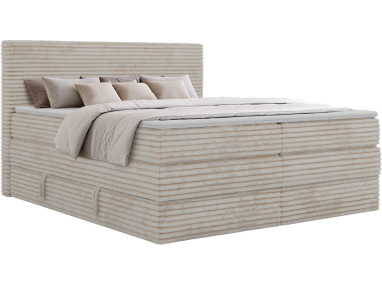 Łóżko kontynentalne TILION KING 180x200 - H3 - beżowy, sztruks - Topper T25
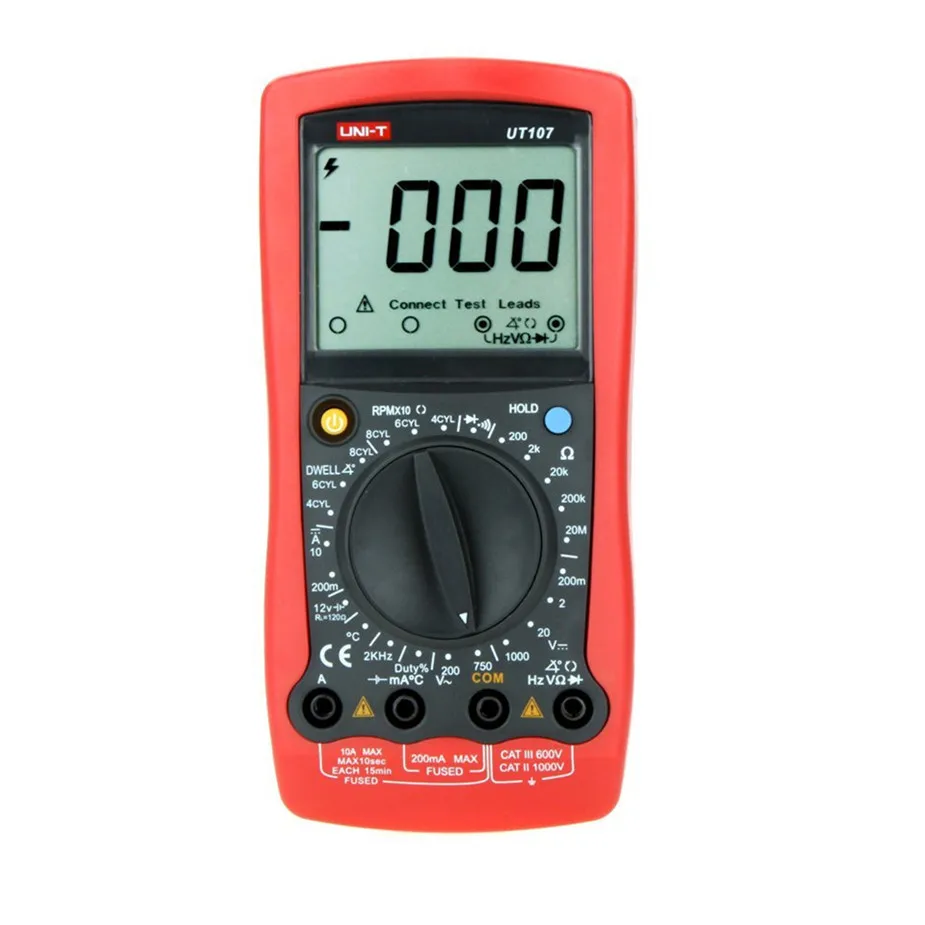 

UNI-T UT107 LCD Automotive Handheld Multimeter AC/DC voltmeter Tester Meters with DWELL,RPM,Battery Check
...
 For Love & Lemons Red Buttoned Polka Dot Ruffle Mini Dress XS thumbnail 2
...
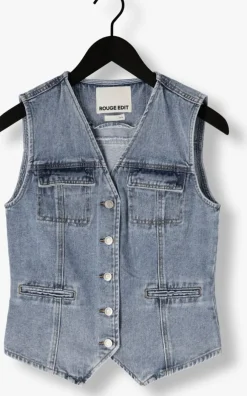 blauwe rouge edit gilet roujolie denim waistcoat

» **Activity**
Return exactly the lines that appear in the data above between the line containing "Łóżko kontynentalne TILION" and the line containing "UNI-T UT107 LCD", both of which are included, and leave the pictures out.

» **Solution to the problem**
 Łóżko kontynentalne TILION KING 180x200 - H3 - beżowy, sztruks - Topper T25

UNI-T UT107 LCD Automotive Handheld Multimeter AC/DC voltmeter Tester Meters with DWELL,RPM,Battery Check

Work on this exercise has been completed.